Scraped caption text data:
----
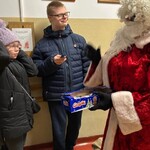 Mikołaj trzyma pudełko z batonikami, uczniowie rozpakowują batoniki.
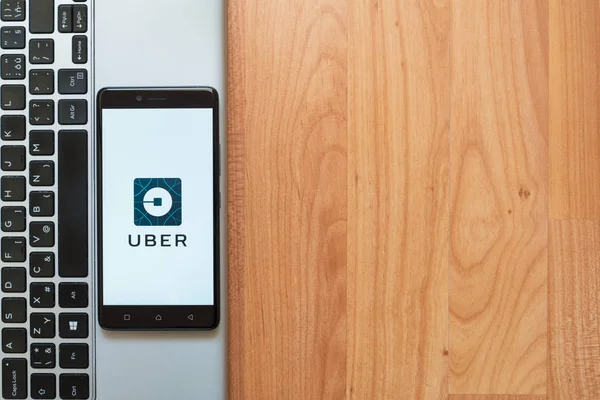 Uber logo on smartphone — Stock Photo, Image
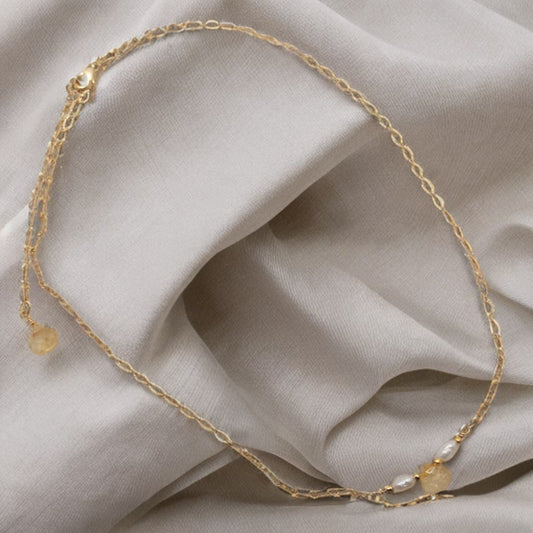This bar necklace features a tear drop Citrine faceted bead with rice pearls on either side.  It is strung on a dainty gold chain.
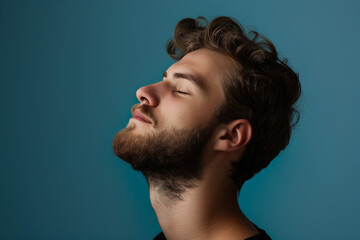 Fototapeta premium A close up of a man with beard and closed eyes looking to a side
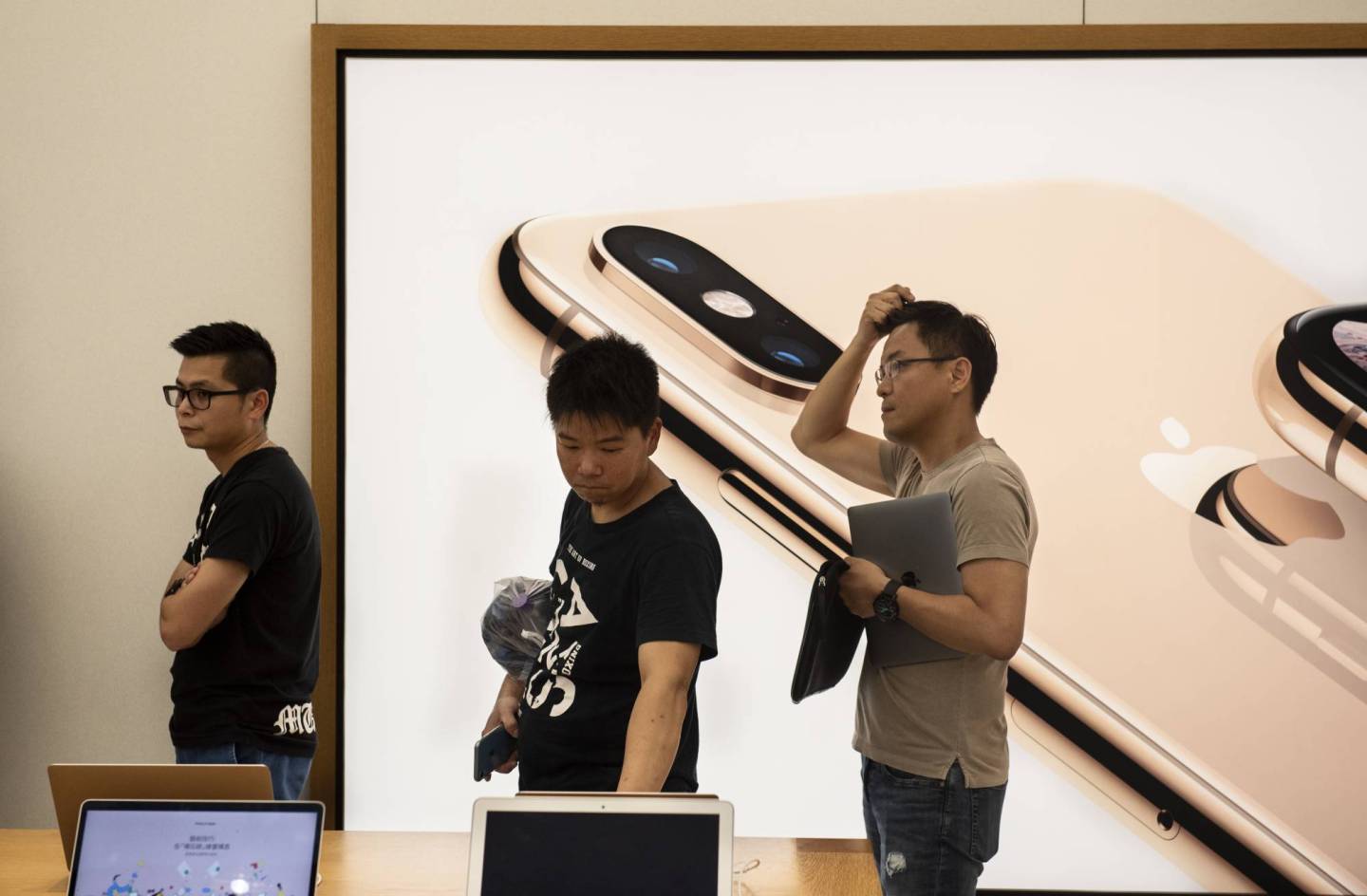 Buyers seen waiting in a queue to purchase Apple products at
----
= REQUIRED WORK =
Return every entry exactly, dropping the pictures.

= EXERCISE SOLUTION =
 Mikołaj trzyma pudełko z batonikami, uczniowie rozpakowują batoniki.
 Uber logo on smartphone — Stock Photo, Image
This bar necklace features a tear drop Citrine faceted bead with rice pearls on either side.  It is strung on a dainty gold chain.
 Fototapeta premium A close up of a man with beard and closed eyes looking to a side
 Buyers seen waiting in a queue to purchase Apple products at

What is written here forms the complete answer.